Est-ce que cette expérience vous a fait prendre conscience que vous étiez capable de diriger et d’organiser un collectif, une troupe ?
Tout à fait. Ce savoir-là, je l’ai appris sur le tas et c’est aussi pour ça que j’aime bien ce mot d’Incidence qui renvoie aux choses qui arrivent par hasard. Oui, c’est comme ça que j’ai pris conscience que j’avais une certaine envie et une certaine capacité d’organisation.
L’étape suivante, c’est la direction du Ballet du Rhin et là encore c’est aussi un peu le hasard qui vous a conduit à ce poste…
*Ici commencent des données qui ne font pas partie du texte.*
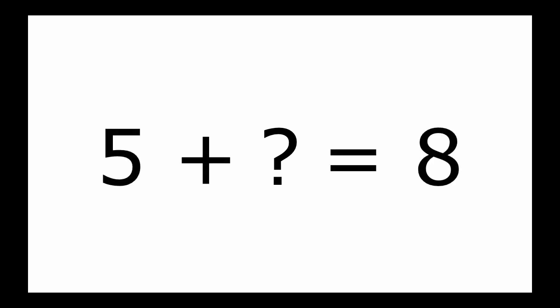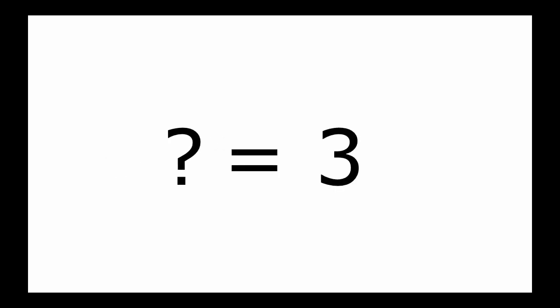For example, in questions like 5 plus mystery number equals 8, you can figure out that the mystery number here is 3. But in a different question, the mystery number might be something else.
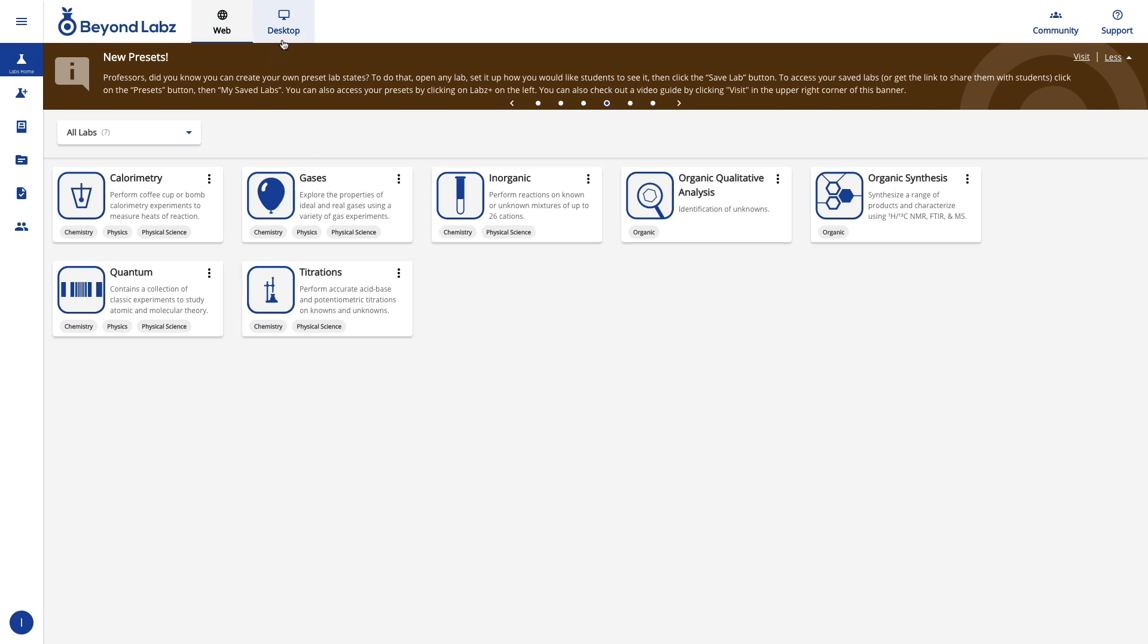If you have any questions, please contact BeyondLabs support and we're happy to have you on board and thank you for using BeyondLabs.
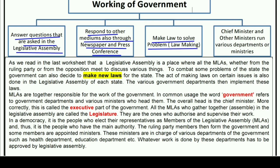One function of the government is law making. The Chief Minister and other ministers run various departments or ministries. This is the work of the government.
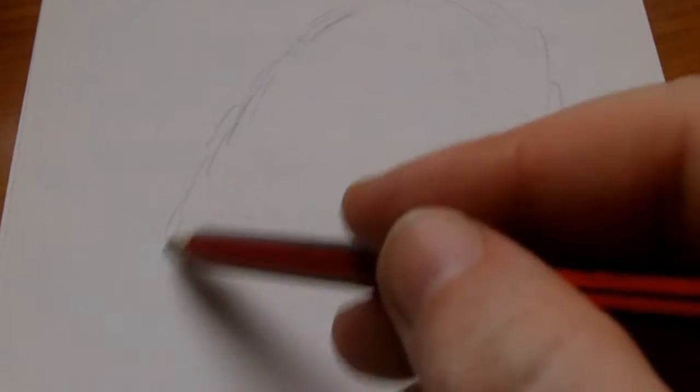Hi this is Wayne Tully and this is day 53 in the Drawing Journal video series. Now today I want to draw a quite large dragon head and this is going to be for a future video series.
Cela faisait déjà quelques années que j’exprimais le désir de diriger une entité. J’en avais parlé à Brigitte Lefèvre qui m’avait conseillé de ne pas m’embarquer dans la direction d’une compagnie indépendante car c’est un travail colossal et périlleux financièrement. J’avais suivi son conseil et je suis resté à l’Opéra de Paris. Puis j’ai participé à Biarritz à un concours de jeunes chorégraphes qu’organisait Thierry Malandain. Et là, tout le monde m’est tombé dessus littéralement et m’a dit de postuler au Ballet du Rhin. J’avais 15 jours pour monter un dossier et rencontrer des gens, ça m’a passionné. Il s’agissait aussi de parler de l’aspect politique : comment doit fonctionner une programmation? Je me suis donné à fond et j’ai été retenu.
Précisément, parlons de votre programmation : vos ouvrez la saison avec trois pièces de trois chorégraphes majeurs : William Forsythe, (Quintet), Jirí Kylián (27’52″) et Uwe Scholz (Jeune Homme). Qu’est-ce que ce choix dit de vous et votre projet ?
Il y a deux points essentiels. Tout d’abord, c’est la base à partir de laquelle j’aimerais constituer le répertoire de cette compagnie. Pour moi, ce sont trois chorégraphes majeurs qui ont en commun de travailler avec le langage académique, mais qui ont créé des œuvres contemporaines. Et puis ils viennent tous de Stuttgart et ce n’est pas comme par enchantement : ils viennent tous de l’école de John Cranko et de Marcia Haydée qui ont eu envie de faire émerger des chorégraphes du monde du ballet. Stuttgart a toujours été un lieu de création et je souhaite que nous ayons des liens très forts avec cette maison.
Justement , la proximité du Ballet du Rhin avec l’Allemagne, est-ce que c’est quelque chose qui est entré en ligne de compte dans votre réflexion ?
Je dirais que cela m’a passionné, le transfrontalier et l’histoire de la chorégraphie européenne avec la France, l’Allemagne, la Belgique qui n‘est pas loin. On peut imaginer des coproductions et j’ai le sentiment que géographiquement, le Ballet du Rhin est à un endroit stratégique, il rassemble une identité très européenne.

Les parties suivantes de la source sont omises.